■ **Description of the task**: Set down every record below exactly as it stands, minus the pictures.

■ **Extracted records**:
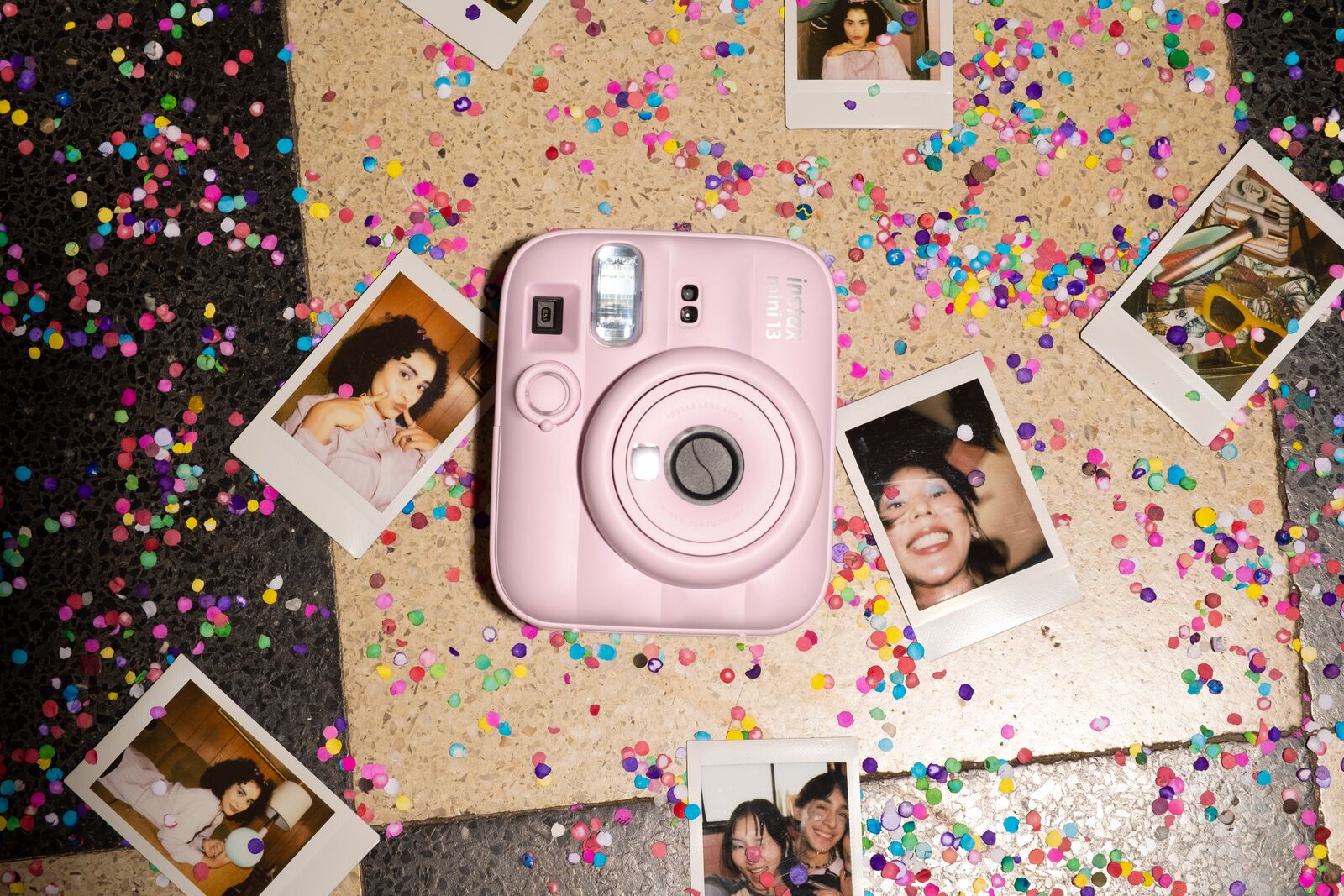 May-anh-lay-ngay-Fujifilm-Instax-Mini-13-Chinh-Hang-5.jpg?v=1776315973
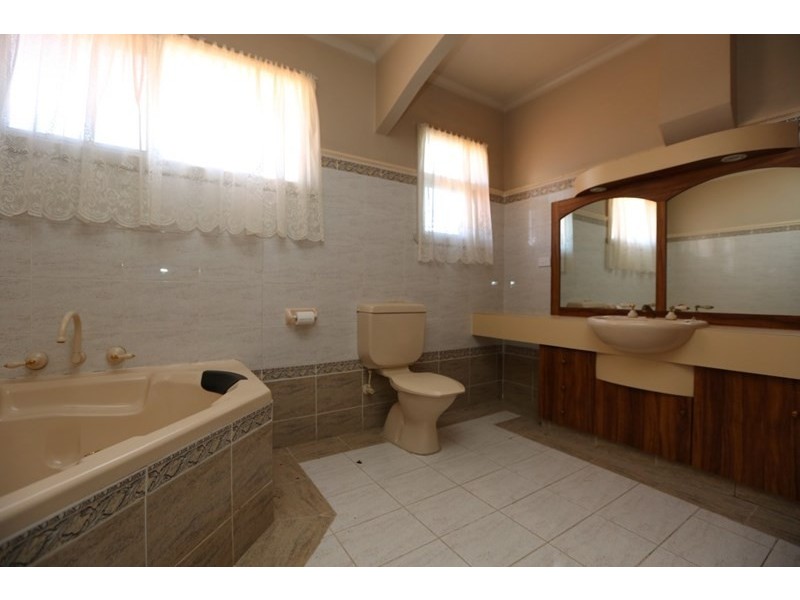 18 Wren Street, Condell Park NSW 2200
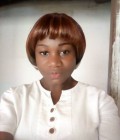 Rosine 28 Jahre Yaoundé Kamerun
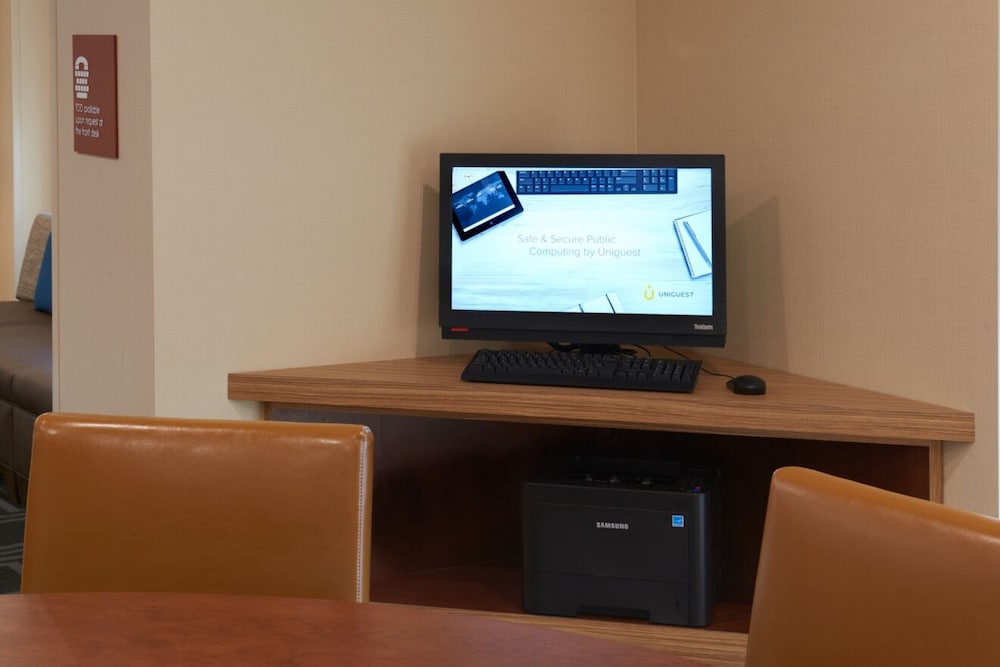 TownePlace Suites by Marriott Grand Rapids Airport - photo 22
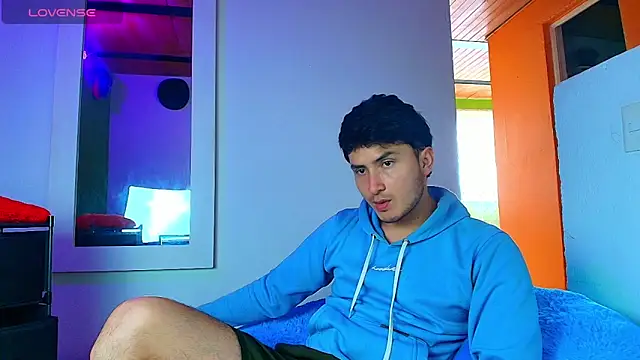 santyago taylor online show from December 2, 2025, 6:53 pm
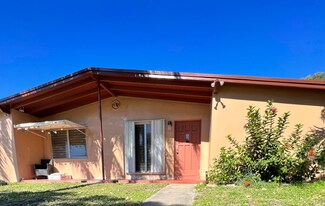 901 W Bloxham St, Lantana, FL 33462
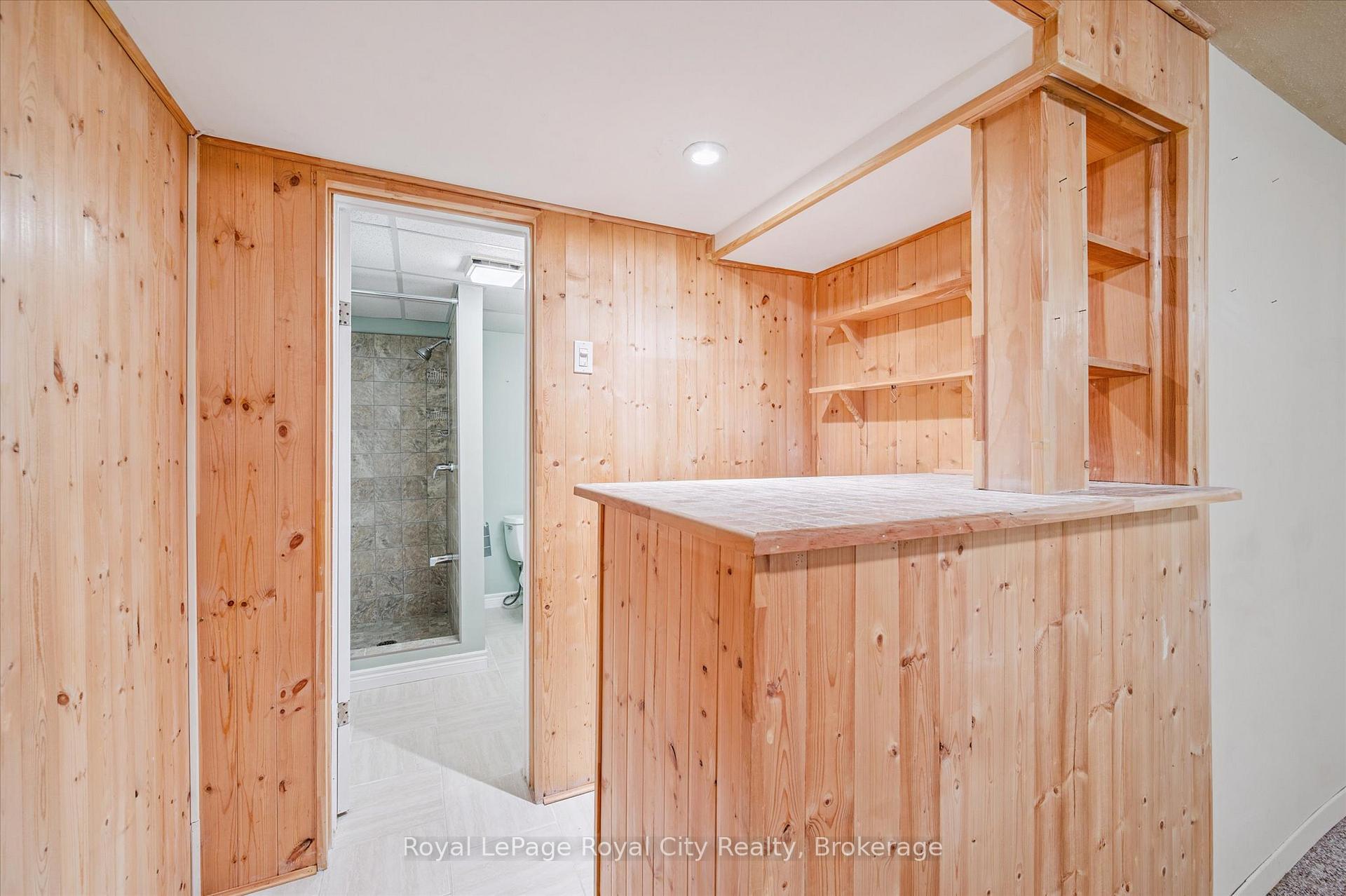 Photo 28 of 17 Springdale Boulevard, Guelph, Willow West/Sugarbush/West Acres — HOMEH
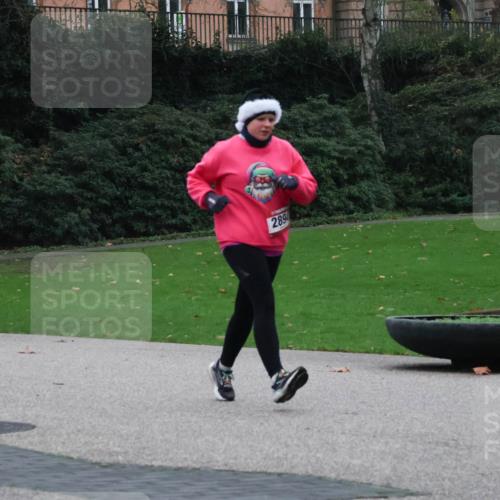 08.12.2024 - St. Pauli X-Mass-Run No. 14 Strokosch-Dieckow http://msf.ph/oto/7506559 08.12.2024 09:43:01 Laufen 2894 meine-sportfotos.de
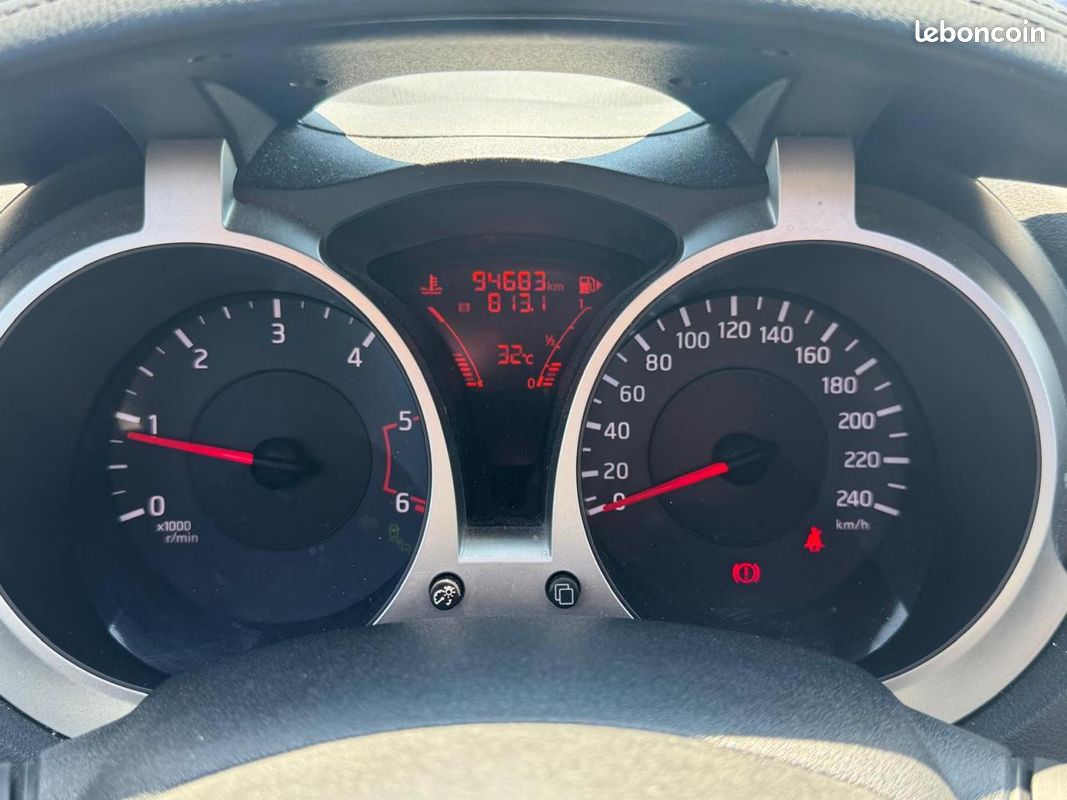 NISSAN JUKE 1.5 dCi FAP - 110 - Stop/Start Tekna PHASE 2 (image 20)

■ **Result**:
 May-anh-lay-ngay-Fujifilm-Instax-Mini-13-Chinh-Hang-5.jpg?v=1776315973
 18 Wren Street, Condell Park NSW 2200
 Rosine 28 Jahre Yaoundé Kamerun
 TownePlace Suites by Marriott Grand Rapids Airport - photo 22
 santyago taylor online show from December 2, 2025, 6:53 pm
 901 W Bloxham St, Lantana, FL 33462
 Photo 28 of 17 Springdale Boulevard, Guelph, Willow West/Sugarbush/West Acres — HOMEH
 08.12.2024 - St. Pauli X-Mass-Run No. 14 Strokosch-Dieckow http://msf.ph/oto/7506559 08.12.2024 09:43:01 Laufen 2894 meine-sportfotos.de
 NISSAN JUKE 1.5 dCi FAP - 110 - Stop/Start Tekna PHASE 2 (image 20)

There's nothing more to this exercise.